*GOAL OF THE EXERCISE*. Each entry below should be restated word for word, without any picture it contains.

*DATASET RECORDS*.

☆ ☆ ☆ ☆ ☆

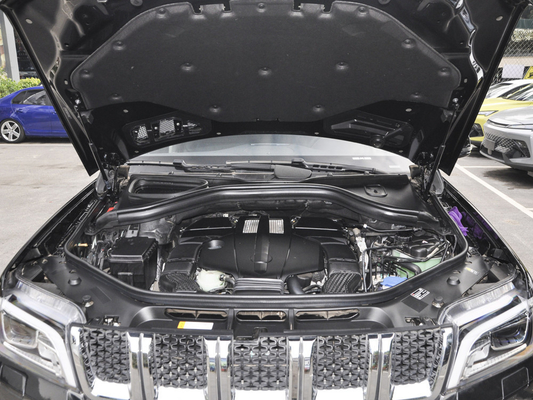 BAIC BJ90 SUV 90% MB GLS450 Parts Top Speed 245KM/h Maximum Power 300-400Ps Big Discount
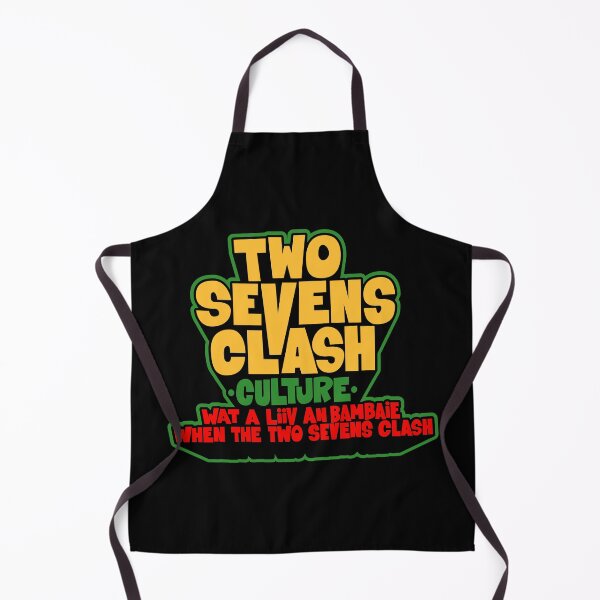 Item preview, Culture - "Two Sevens Clash" Album - T-Shirt designed and sold by Boogosh.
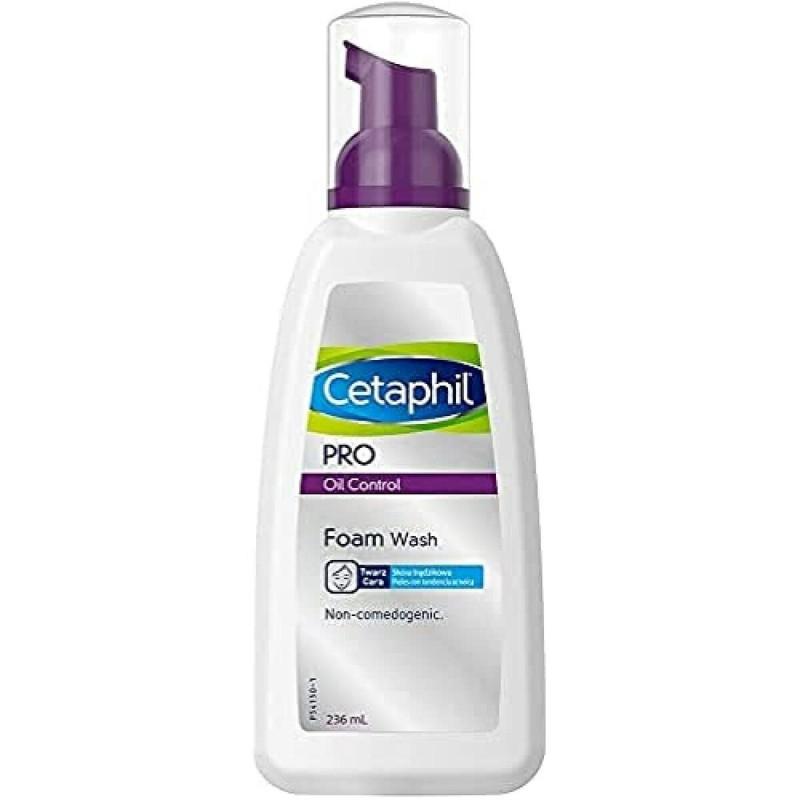 Espuma Limpiadora Cetaphil Pro Oil Control 236 ml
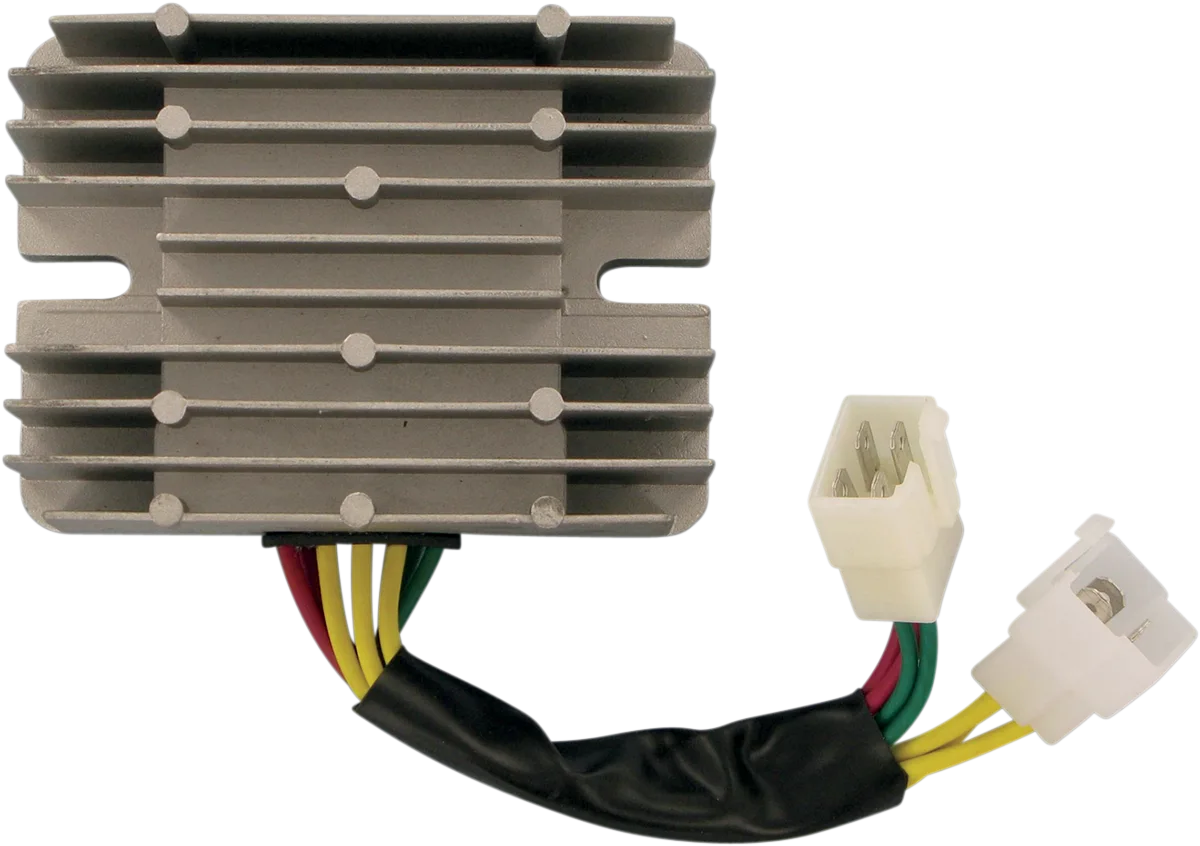 Rectifier and Regulator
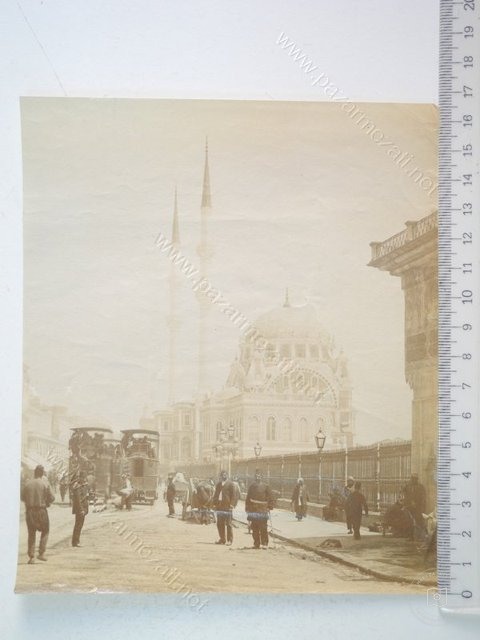 Tophane — View from the archive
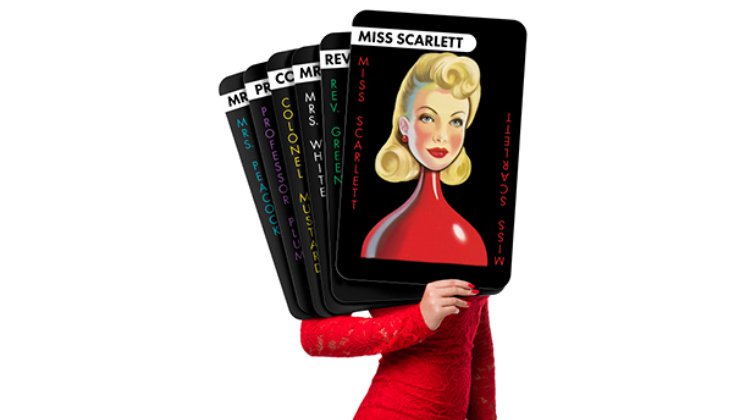 Cluedo Tickets London Theatre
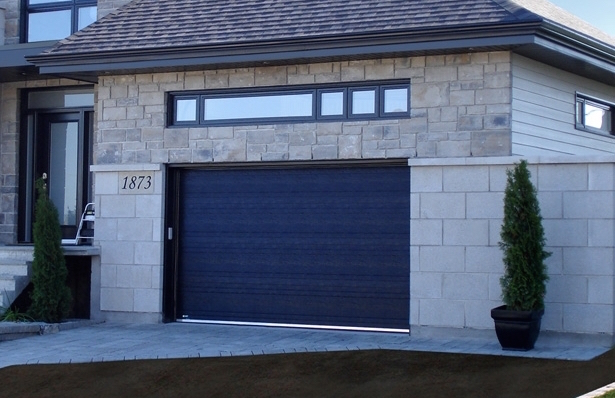 Porte de garage vermont prix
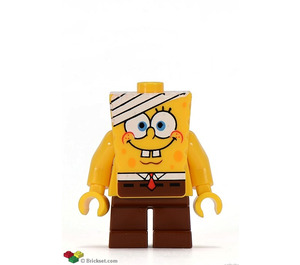 LEGO Emergency Room SpongeBob SquarePants Minifigur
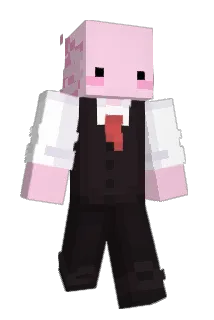 Lily_1003 Minecraft avatar full body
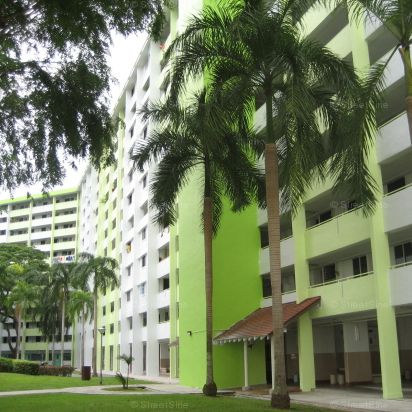 Blk 545 Bedok North Green (Bedok), HDB 3 Rooms - For Rent - Photo 1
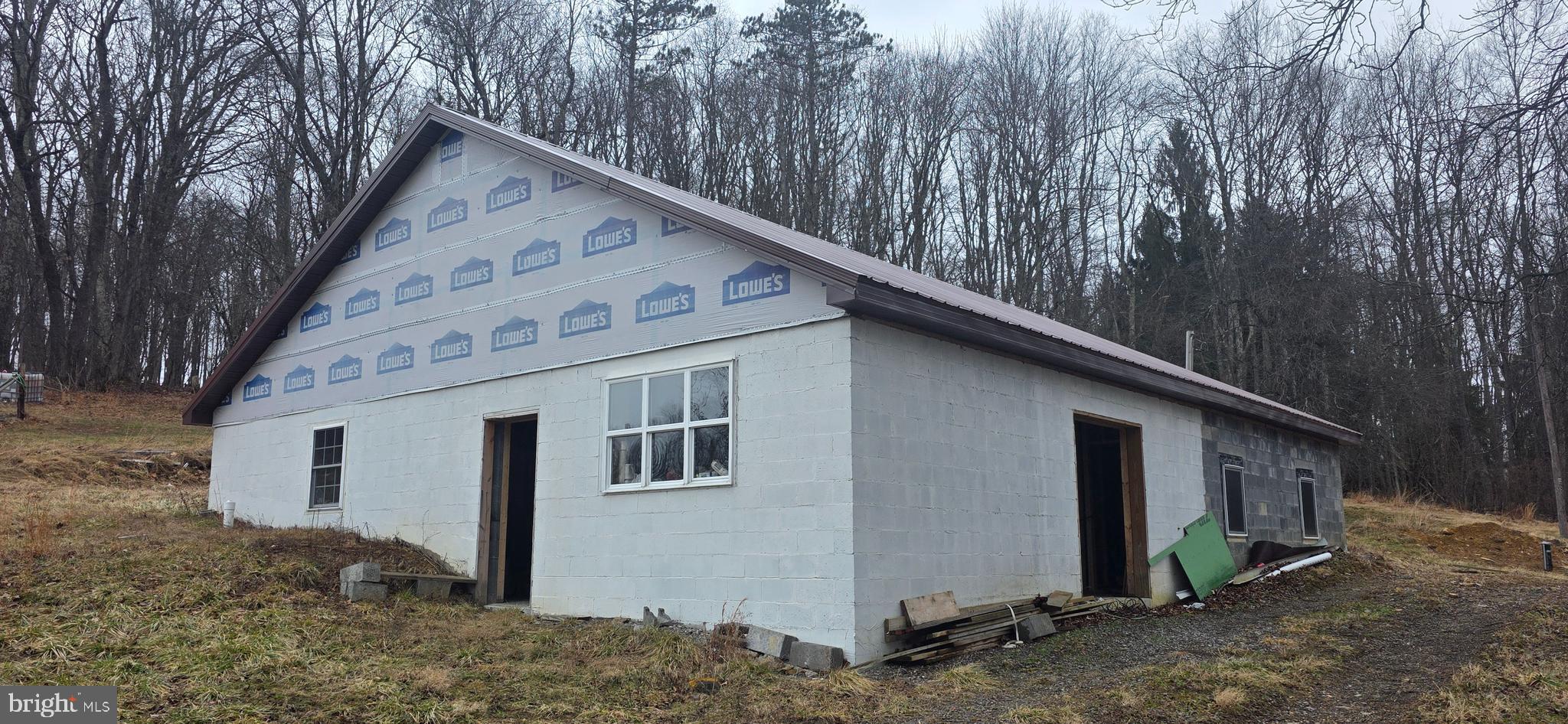 NONE AVAILABLE - Residential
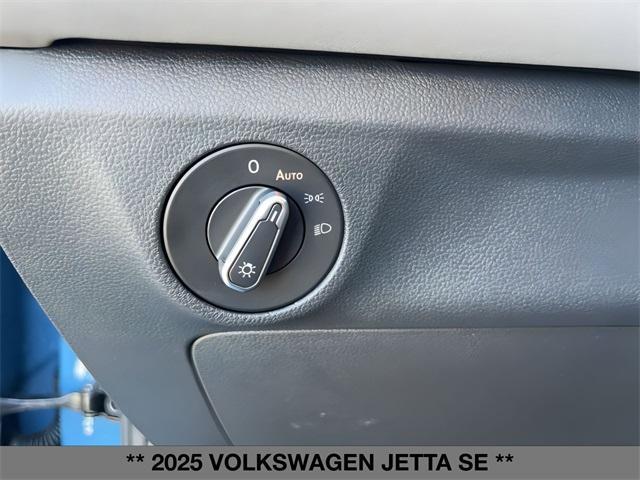 new 2025 Volkswagen Jetta car, priced at $28,429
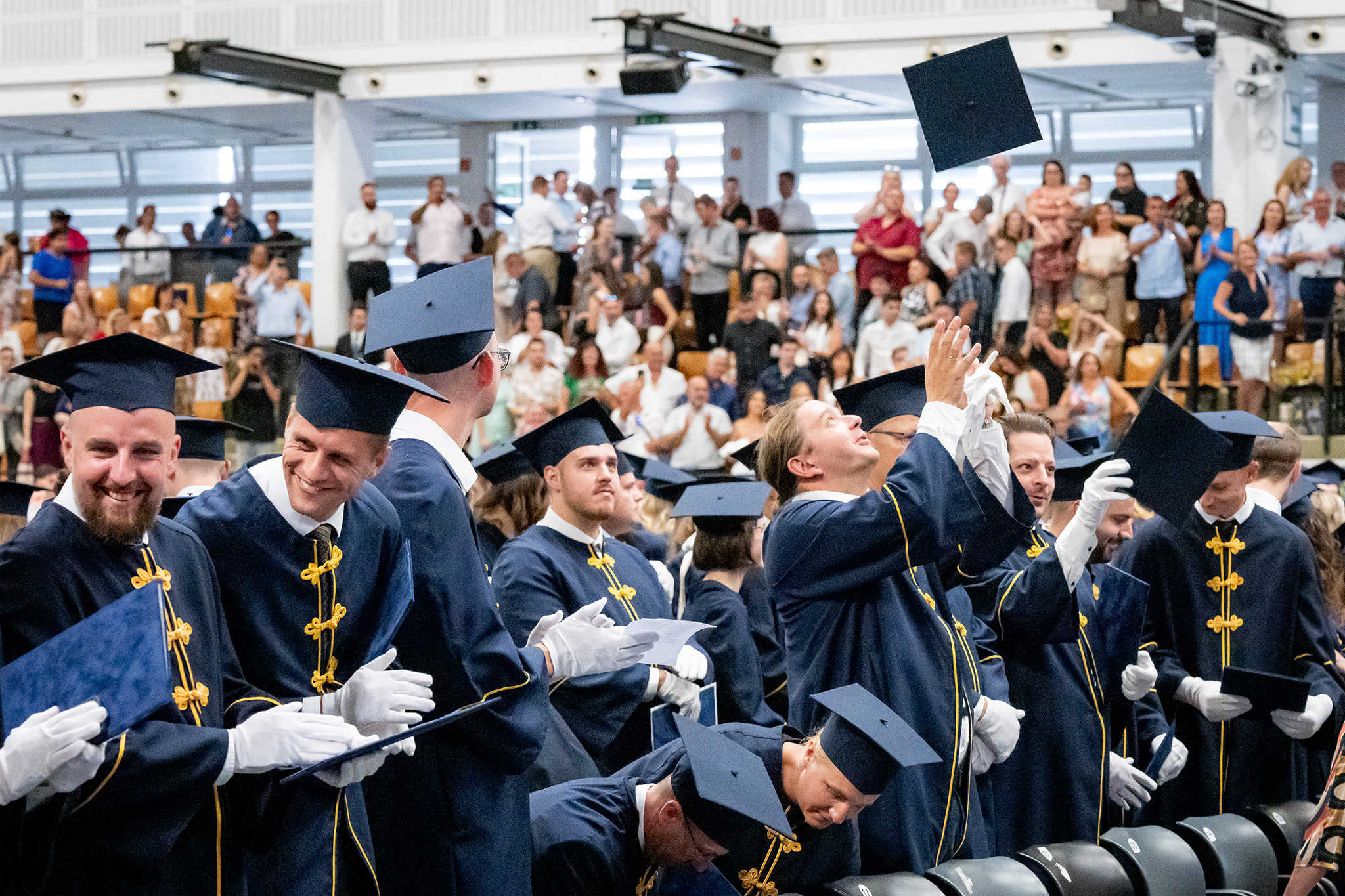 KGK graduation ceremony 2025 summer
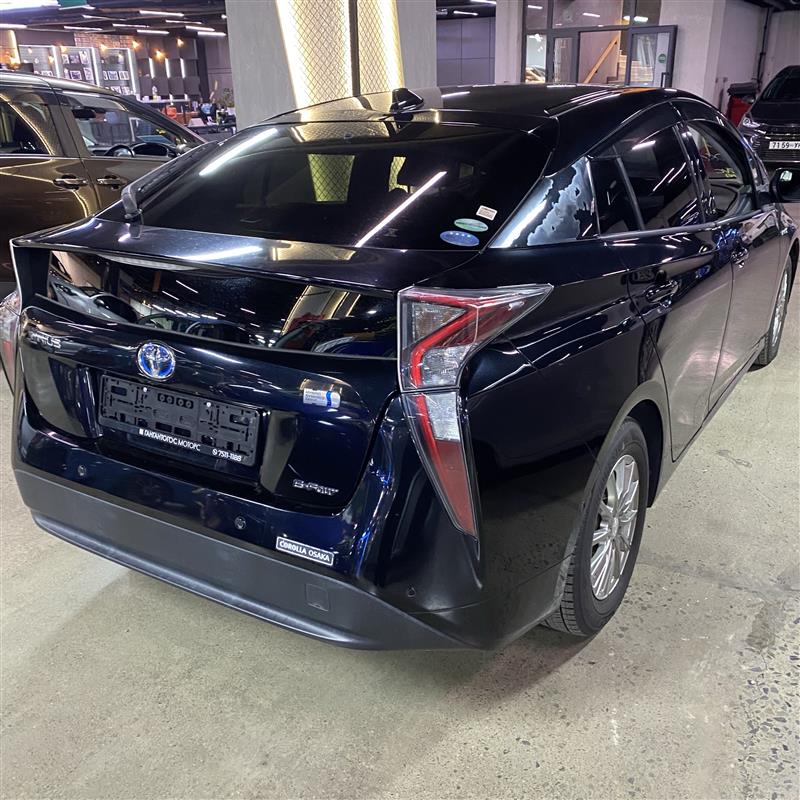 Toyota Prius55 2018/2026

☆ ☆ ☆ ☆ ☆

*RESPONSE TO THE EXERCISE*.
 BAIC BJ90 SUV 90% MB GLS450 Parts Top Speed 245KM/h Maximum Power 300-400Ps Big Discount
 Item preview, Culture - "Two Sevens Clash" Album - T-Shirt designed and sold by Boogosh.
 Espuma Limpiadora Cetaphil Pro Oil Control 236 ml
 Rectifier and Regulator
 Tophane — View from the archive
 Cluedo Tickets London Theatre
 Porte de garage vermont prix
 LEGO Emergency Room SpongeBob SquarePants Minifigur
 Lily_1003 Minecraft avatar full body
 Blk 545 Bedok North Green (Bedok), HDB 3 Rooms - For Rent - Photo 1
 NONE AVAILABLE - Residential
 new 2025 Volkswagen Jetta car, priced at $28,429
 KGK graduation ceremony 2025 summer
 Toyota Prius55 2018/2026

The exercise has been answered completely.